The
Catch
by Willie Mays
Wertz
hits it. A solid sound. I learned a lot from the sound of the ball on
the bat. Always did. I could tell from the sound whether to come in or
go back. This time I'm going back, a long way back, but there is never
any doubt in my mind. I am going to catch this ball. I turn and run for
the bleachers. But I got it. Maybe you didn't know that, but I knew it.
Soon as it got hit, I knew I'd catch this ball.
But that wasn't the problem. The problem was Lary Doby on second base.
On a deep fly to center field at the Polo Grounds, a runner could score
all the way from second.

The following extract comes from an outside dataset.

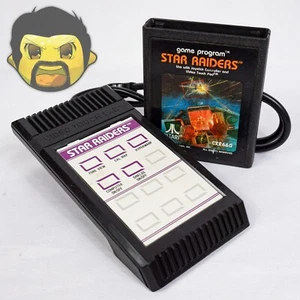 Star Raiders Atari 2600 Video Touch Pad Control Gamepad w/Overlay and Cartridge - Picture 1 of 15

I've done that myself and more than once. So
if I make the catch, which I will, and Larry scores from second, they
still get the run that puts them ahead.
All the time I'm running back, I'm thinking, 'Willie, you've got to get
this ball back to the infield.'
I run fifty or seventy-five yards--right to the warning track--and I take
the ball a little toward my left shoulder. Suppose I stop and turn and
throw. I will get nothing on the ball. No momentum going into my throw.
What I have to do is this: after I make the catch, turn. Put all my momentum
into that turn.
To keep my momentum, to get it working for me, I have to turn very hard
and short and throw the ball from exactly the point that I caught it.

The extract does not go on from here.